= WORK REQUIRED =
First find the line with "L.L.Bean Women’s stretch" in the entries below, then set down exactly every line through the line with "BCH/USDT daily chart", that line included.

Caption-style text data:

▬▬▬▬▬▬

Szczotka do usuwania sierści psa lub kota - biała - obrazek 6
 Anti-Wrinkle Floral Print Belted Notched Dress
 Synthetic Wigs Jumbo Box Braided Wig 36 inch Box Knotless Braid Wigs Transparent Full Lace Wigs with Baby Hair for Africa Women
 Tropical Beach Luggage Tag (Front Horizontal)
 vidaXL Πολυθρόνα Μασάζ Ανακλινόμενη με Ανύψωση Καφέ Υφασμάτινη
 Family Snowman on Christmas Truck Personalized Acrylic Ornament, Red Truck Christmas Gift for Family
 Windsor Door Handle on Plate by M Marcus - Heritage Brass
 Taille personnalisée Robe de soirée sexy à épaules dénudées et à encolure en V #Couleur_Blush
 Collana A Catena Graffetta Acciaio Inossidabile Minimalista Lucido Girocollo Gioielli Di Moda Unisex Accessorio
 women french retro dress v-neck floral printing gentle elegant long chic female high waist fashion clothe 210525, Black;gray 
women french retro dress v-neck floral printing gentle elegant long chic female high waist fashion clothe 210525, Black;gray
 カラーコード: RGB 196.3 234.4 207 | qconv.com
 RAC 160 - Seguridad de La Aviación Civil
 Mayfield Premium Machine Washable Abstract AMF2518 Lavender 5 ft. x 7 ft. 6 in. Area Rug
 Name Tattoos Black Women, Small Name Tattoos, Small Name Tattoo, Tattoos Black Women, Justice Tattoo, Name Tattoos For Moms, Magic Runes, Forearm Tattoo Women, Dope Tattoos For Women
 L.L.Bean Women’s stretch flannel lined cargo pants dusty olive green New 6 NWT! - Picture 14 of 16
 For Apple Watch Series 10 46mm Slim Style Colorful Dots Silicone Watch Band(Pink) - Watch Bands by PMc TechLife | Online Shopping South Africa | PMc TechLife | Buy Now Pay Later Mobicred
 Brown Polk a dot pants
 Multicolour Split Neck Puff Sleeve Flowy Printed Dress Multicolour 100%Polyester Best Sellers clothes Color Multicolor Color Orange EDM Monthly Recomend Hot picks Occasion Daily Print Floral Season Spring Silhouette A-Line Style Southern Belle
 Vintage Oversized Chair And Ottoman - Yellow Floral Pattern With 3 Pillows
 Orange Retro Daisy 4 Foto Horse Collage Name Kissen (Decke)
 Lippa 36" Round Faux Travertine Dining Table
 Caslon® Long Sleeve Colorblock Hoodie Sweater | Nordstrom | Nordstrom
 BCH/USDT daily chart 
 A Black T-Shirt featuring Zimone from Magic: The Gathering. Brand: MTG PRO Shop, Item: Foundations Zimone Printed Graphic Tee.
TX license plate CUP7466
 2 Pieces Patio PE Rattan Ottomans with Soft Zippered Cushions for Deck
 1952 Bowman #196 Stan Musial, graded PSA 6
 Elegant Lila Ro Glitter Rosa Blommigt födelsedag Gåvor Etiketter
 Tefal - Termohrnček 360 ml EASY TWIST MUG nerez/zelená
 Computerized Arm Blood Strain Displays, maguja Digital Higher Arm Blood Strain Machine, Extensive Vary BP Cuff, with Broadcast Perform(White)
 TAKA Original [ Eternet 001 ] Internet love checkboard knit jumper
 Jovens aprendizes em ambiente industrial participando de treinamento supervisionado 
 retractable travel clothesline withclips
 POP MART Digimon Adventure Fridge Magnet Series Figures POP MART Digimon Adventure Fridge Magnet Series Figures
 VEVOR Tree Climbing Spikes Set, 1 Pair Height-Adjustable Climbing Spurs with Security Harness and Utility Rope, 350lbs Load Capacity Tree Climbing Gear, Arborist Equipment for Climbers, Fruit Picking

▬▬▬▬▬▬

= OUTPUT FOR THIS EXERCISE =
 L.L.Bean Women’s stretch flannel lined cargo pants dusty olive green New 6 NWT! - Picture 14 of 16
 For Apple Watch Series 10 46mm Slim Style Colorful Dots Silicone Watch Band(Pink) - Watch Bands by PMc TechLife | Online Shopping South Africa | PMc TechLife | Buy Now Pay Later Mobicred
 Brown Polk a dot pants
 Multicolour Split Neck Puff Sleeve Flowy Printed Dress Multicolour 100%Polyester Best Sellers clothes Color Multicolor Color Orange EDM Monthly Recomend Hot picks Occasion Daily Print Floral Season Spring Silhouette A-Line Style Southern Belle
 Vintage Oversized Chair And Ottoman - Yellow Floral Pattern With 3 Pillows
 Orange Retro Daisy 4 Foto Horse Collage Name Kissen (Decke)
 Lippa 36" Round Faux Travertine Dining Table
 Caslon® Long Sleeve Colorblock Hoodie Sweater | Nordstrom | Nordstrom
 BCH/USDT daily chart 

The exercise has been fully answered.